Rebecca: As we wrap up our conversation, I want to ask, what are you hopeful about, Kevin?

Kevin: I am hopeful that we actually are able to untie a lot of these knots. The collective capacity within higher education to solve seemingly intractable problems is there. What I’m hopeful is that we figure out and I say we, especially for those of us who have at least semi-administrative or leadership position, that we are able to figure out how to honor that capacity and to affirm the colleagues who have that capacity and enable them to do the work in ways that are sustainable and not self destructive, which again, is another one of those really complicated knots that it’s hard to untie. But I think the capacity, and the willingness, is there across our higher educational spaces. It’s a matter of doing it in ways, again, that are sustainable and collaborative. Those are things that higher ed has not always done really well. But we have a context now that requires it of us. And I am hopeful that places will rise to that challenge, because I’ve seen what faculty, what staff, and what students have done for the last two and a half years. And it is amazing and resourceful, even if it was messy and chaotic at the same time. And I think out of that comes a set of aptitudes and a greater understanding of the stakes involved to lead to, I think, meaningful solutions that will work and not just in the short term. So it may seem counterintuitive to be hopeful right now, but I actually find myself remarkably hopeful.

John:
As you note in your book, we got into this ultimately, because we are hopeful for the future. We always end with the question. What’s next? [LAUGHTER] …which is kind of what we’ve been talking about.

Kevin: Right.

John:
But what’s next for you?

Kevin: Well, for me personally, it’s moving a whole bunch of crap to Charlotte to start my new job. And I found a storage unit for all the books that seem to have accumulated in my faculty and my teaching center offices over the last 18 years I’ve been at Grandview. So yeah, figuring that out. But I’m at a point in my career where the educational development piece is most of what I do now. I still teach, but I always saw myself as a history professor who does some of this other stuff, too. And that’s shifting now. And so my professional identity and the way in which I’m spending my time and the tasks that I am working on and entrusted with are different than, certainly they were at the beginning of my career, but even in the ways that I sort of thought of myself as a faculty member and a member of an academic community. And so, for me, processing what that means and experiencing that in this new position and feeling what that looks like and trying to make sense of it in a way that resonates still with kind of who I think I am as a teacher, as a historian, as a scholar, as a person. That’s kind of where I am right now. It feels a little unsettling… that transitions, I guess, are never easy, but I find myself in this sort of transitory space that is both fascinating and a little bit frightening.

John:
As is true of so much we’ve experienced in the last few years. [LAUGHTER] We wish you luck there.

Kevin: Thank you.

John:
…and it sounds like a wonderful position.

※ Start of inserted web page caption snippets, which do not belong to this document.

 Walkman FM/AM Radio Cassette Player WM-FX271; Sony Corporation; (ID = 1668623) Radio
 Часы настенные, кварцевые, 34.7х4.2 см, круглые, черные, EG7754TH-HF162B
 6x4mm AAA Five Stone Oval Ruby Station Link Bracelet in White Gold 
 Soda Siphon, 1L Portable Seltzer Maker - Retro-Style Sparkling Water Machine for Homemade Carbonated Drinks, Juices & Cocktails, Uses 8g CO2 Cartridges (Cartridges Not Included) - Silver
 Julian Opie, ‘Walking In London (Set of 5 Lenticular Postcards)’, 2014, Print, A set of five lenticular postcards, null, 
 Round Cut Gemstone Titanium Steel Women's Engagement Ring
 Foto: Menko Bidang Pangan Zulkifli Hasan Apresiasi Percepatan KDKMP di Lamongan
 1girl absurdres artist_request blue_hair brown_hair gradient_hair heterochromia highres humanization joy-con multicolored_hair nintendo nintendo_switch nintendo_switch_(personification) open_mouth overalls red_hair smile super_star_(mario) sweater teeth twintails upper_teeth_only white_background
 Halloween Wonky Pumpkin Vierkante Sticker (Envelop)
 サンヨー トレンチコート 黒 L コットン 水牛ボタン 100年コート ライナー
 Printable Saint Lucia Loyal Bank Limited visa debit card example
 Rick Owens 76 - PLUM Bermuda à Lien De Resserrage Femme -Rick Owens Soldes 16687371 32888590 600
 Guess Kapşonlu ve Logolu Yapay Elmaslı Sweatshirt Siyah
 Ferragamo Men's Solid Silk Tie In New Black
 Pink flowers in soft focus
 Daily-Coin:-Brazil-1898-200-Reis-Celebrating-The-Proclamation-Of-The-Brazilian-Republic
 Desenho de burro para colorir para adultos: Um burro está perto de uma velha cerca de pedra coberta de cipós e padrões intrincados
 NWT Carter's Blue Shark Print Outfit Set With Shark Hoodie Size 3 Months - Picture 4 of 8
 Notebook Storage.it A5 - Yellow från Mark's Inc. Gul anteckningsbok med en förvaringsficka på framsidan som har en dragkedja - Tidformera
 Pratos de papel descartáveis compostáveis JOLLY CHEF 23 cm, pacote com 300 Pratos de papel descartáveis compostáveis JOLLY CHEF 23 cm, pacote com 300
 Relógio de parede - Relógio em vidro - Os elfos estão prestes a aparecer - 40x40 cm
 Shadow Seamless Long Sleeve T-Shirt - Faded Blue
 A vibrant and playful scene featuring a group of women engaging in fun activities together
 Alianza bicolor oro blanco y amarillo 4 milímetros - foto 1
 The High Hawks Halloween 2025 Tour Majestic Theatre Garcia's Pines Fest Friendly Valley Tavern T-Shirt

Kevin: Well, I’m excited to start it and it is going to be a wonderful position and I’m thrilled to be a part of a community. The folks that I’ve met there have been wonderful to me so far, so it’s going to be great once I get this damn move done.

John:
…and Charlotte is a wonderful place to live

Rebecca: Well thank you so much for sharing your thoughts, Kevin. It’s nice to talk to you again.

Kevin: Well thanks for having me back on. It’s great to be with the both of you.

[MUSIC]

John:
If you’ve enjoyed this podcast, please subscribe and leave a review on iTunes or your favorite podcast service. To continue the conversation, join us on our Tea for Teaching Facebook page.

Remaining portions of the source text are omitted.